Mark Ravenhill waves bye-bye to the old King’s Head Theatre with this enjoyable metatheatrical ghost story

Theatremakers often have a bit of a thing for ghosts, for obvious reasons. They make for a good yarn. They drag the past haunting and howling into the present. And because theatre is ephemeral, there's something especially seductive about the idea that scenes of heightened emotion leave traces behind, lingering in the spaces where they unfolded.
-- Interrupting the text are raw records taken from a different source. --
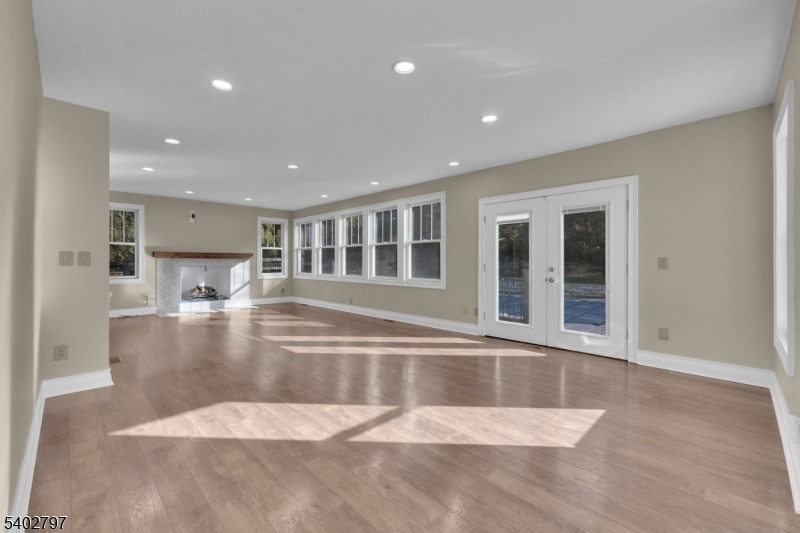 The Summit - Residential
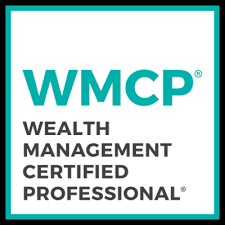 Wealth Management Certified Professional Logo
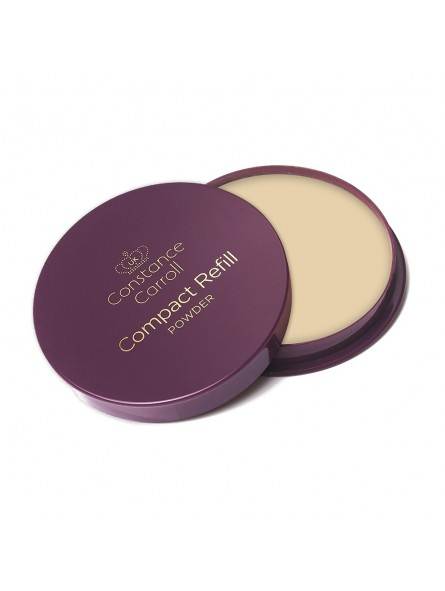 CONSTANCE CARROLL COMPACT POWDER 11-NAT/GLOW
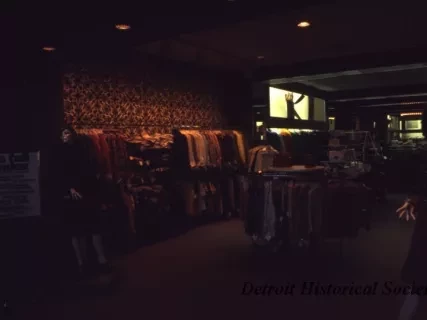 Transparency, Lantern Slide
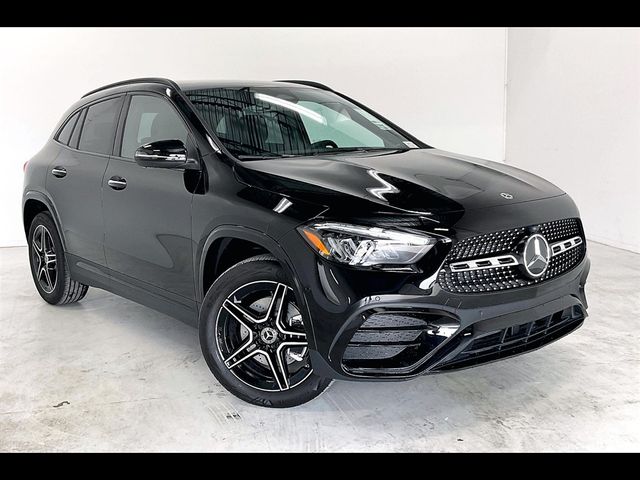 2024 Mercedes-Benz GLA 250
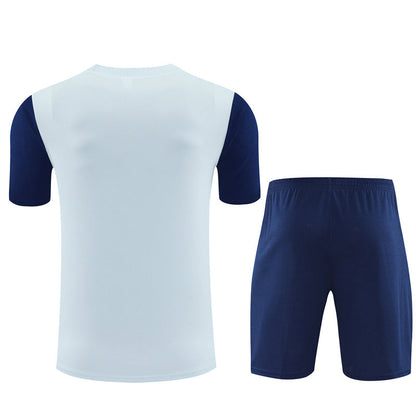 Maglia e Pantaloncini pre-allenamento Inter 25/26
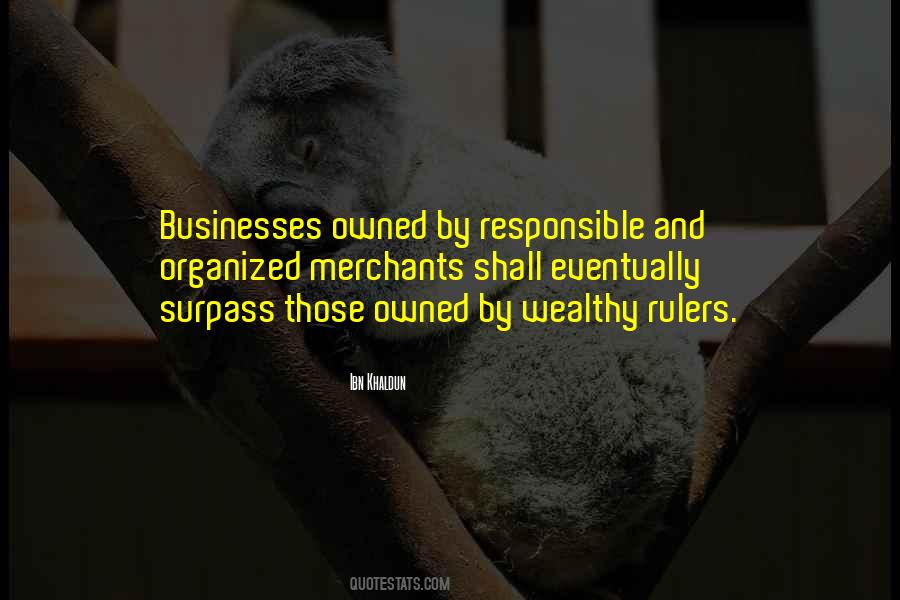 Jaune Quick To See Quotes #1488033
King's Head Theatre's new co-artistic director Mark Ravenhill airs his penchant for spooky stuff in this appropriately chilling play, full of the stories of the venue it's performed in. ‘The Haunting of Susan A’ begins with Ravenhill himself offering an affable potted history of this half-century-old pub theatre, relishing the gory details of the bare-knuckle fights it allegedly used to host. But, in awkwardly contrived style, he ends up ceding the stage to Susana woman who's got a more convincing story of theatrical haunting to share.

Played by Suzanne Ahmet, who has the audience hanging on her every fear-drenched word, Susan narrates her journey from down-to-earth lesbian engineering student to highly-strung fringe theatre actor to troubled recluse, haunted by her brush with the other side. Ravenhill's appealingly metatheatrical story squeezes every drop of atmosphere from this dank basement space, serving up jump scares, sudden blackouts and eerie flickers of filament bulbs – alongside the deeper chills that come from reflecting on the relationship between theatregoing and ghoulish voyeurism.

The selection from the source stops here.